At the online poker tables, you're pitted against other people in that age-old poker exercise of taking their money.
Sometimes, however, you have those nights when no bluff works, your second pair or ace-high bluff is picked off by another player's accurate play or you're run down on the river by a better hand.
While many players will just shut down the tables and write the night off, some ask the question, "Hey, am I playing against a bot?"
Rumors about the existence of pokerbots - computer-created programs that can play for hours on end without a break, that make the optimal move at all times and that allegedly can turn a profit - have permeated forums since the dawn of online poker.
Any Internet search engine will yield thousands of hits for products claiming to be this kind of program. The reality, however, is that the technology isn't quite up to speed when it comes to bots for full ring games and tournaments.
Computer whizzes have long been devising programs capable of challenging the best human gamers in the world. For games with few moves and deviations, such as checkers, Scrabble and Connect Four, these programs have been able to defeat even the best that the human race has to offer. For more complex games, it took a bit more development work.
Chess computers circa 1990 weren't able to even approach the grandmasters of the game. That all changed in 1997 when Deep Blue, a computer created by IBM expressly to play chess, defeated world chess champion Garry Kasparov in a hard-fought series of matches (although the computer's victory remains controversial to this day).
A poker program that can beat human players is one of the more recent targets of developers, and they've been making great strides toward that goal. The University of Alberta's Computer Poker Research Group has been at the forefront of this movement.
The U of A team first created Poki and PsOpti, aka SparBot (the latter of which has been used in both Daniel Negreanu's video game "Stacked" and the Poker Academy Pro computer program).
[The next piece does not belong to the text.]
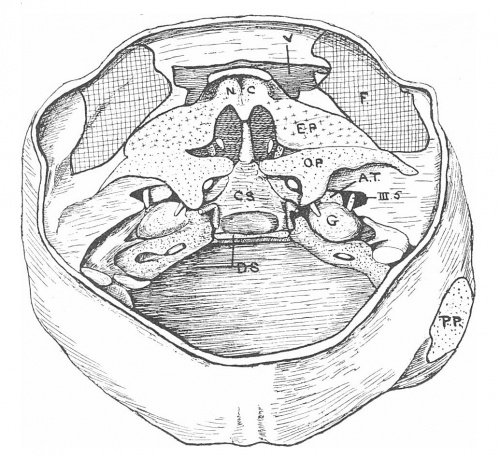alt = Fig. 2. View from above of the interior of the base of the neuro-cranium of the Bryce 30 mm.embryo.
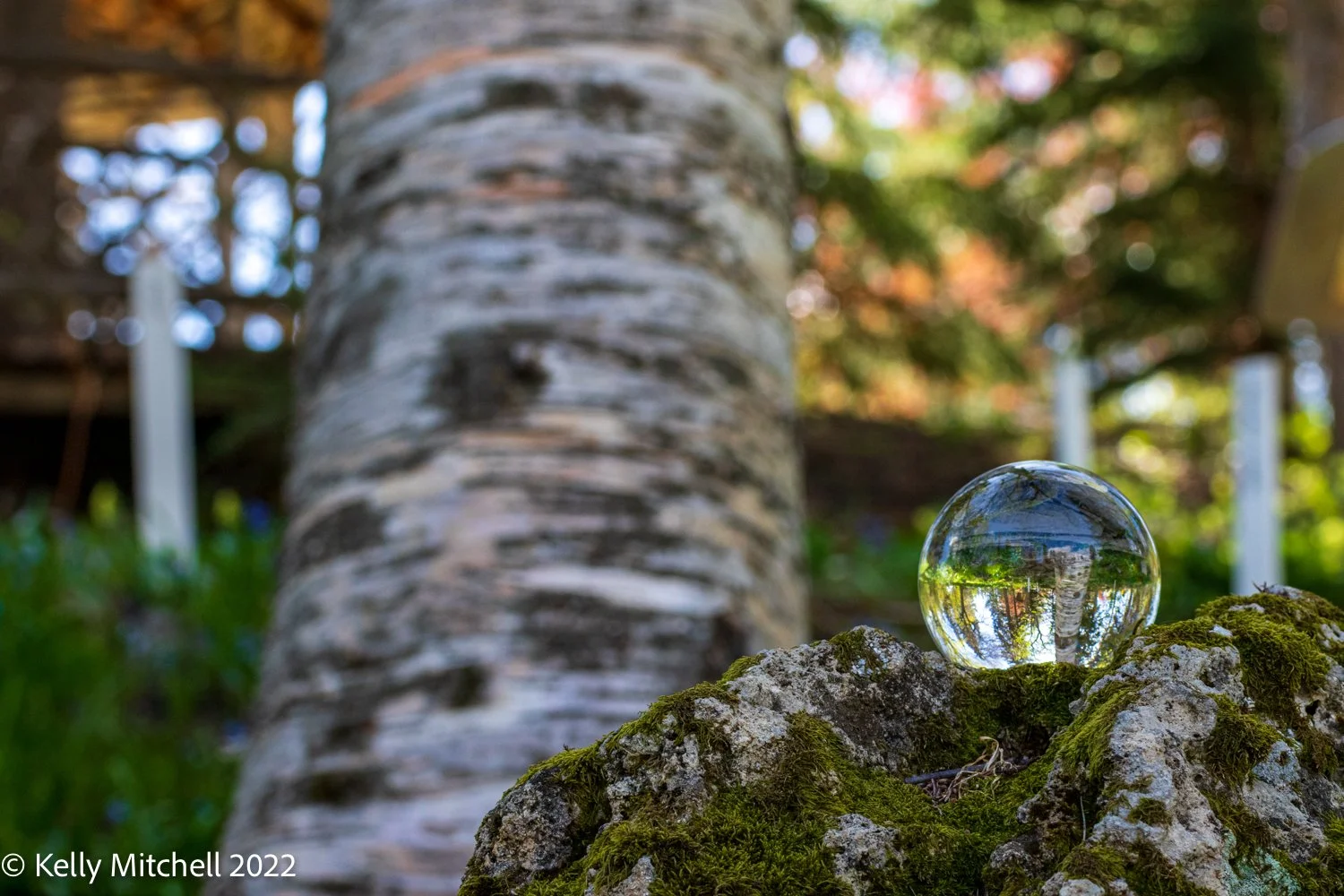 Looking Through the Lens-Ball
Then, earlier this year, they unveiled Polaris. Of these programs, Polaris has shown the most promise (or threat, depending on how you look at it).
In July, Polaris squared off against champion poker players Phil Laak and Ali Eslami, with the criterion for victory being cash won or lost by each of the players. In a five-session series, the computer played both players individually heads-up, which yielded startling results.
Polaris was able to reach a statistical draw with the two poker pros in the first match before winning the second round. Laak and Eslami, though, were able to strike a blow for carbon-based life forms by winning the next three sessions, albeit by very small margins.
While they demonstrated that humans could still beat computers, the final score was close enough to indicate that programming had come a long way. That said, pokerbots playing online isn't something players should be excessively concerned about.
While there are several programs advertised online that state they can play just as well as the University of Alberta's, the reality is they cannot; it's merely marketing bafflegab. Even the creators of Polaris state that their program can achieve winning results heads-up only; it's at a loss confronted with multi-way hand or full table parameters.
Furthermore, they maintain that Polaris only works in a cash game situation and not in tournaments. (Admittedly, cash games are often more profitable than tournaments). Finally, the computers we are talking about here are full-fledged systems dedicated solely to the game at hand, requiring computing capacity in the terabytes to accurately deduce their strategy.
Online poker sites are also aware of the potential for pokerbot situations. The poker sites monitor length of time at the cash game tables and, upon coming across players who haven't moved from tables in an inhuman amount of time, disconnect them.
Pokerbots, though, are probably more of a scapegoat than a reality in online play. Cries of "pokerbot" may well be rooted in human beings' capacity for denial. Even beat after beat, it's hard to face the fact that you're just not playing at an optimal level.
Instead, players ignore how badly they're running and foist the blame on a program. The simplest explanation is discounted in favor of a more elaborate one that lets them off the hook. This isn't to say that, given inevitable advances in computing capability and artificial intelligence, functioning pokerbots are out of the question.
With an AI sophisticated enough to take into account other players' styles and adjust its own game, they could be viable. That technology, however, is likely still a few years away, making it futile for online players to worry about it at this point.
So the next time you feel you are up against a bot, take a long, hard look at your own play. Those miraculous 5% chances do come home on the river sometimes. There are players who can pick off your bluffs better than any machine could, and there are players capable of waging optimal poker war for long sessions. Pokerbots shouldn't be your primary concern.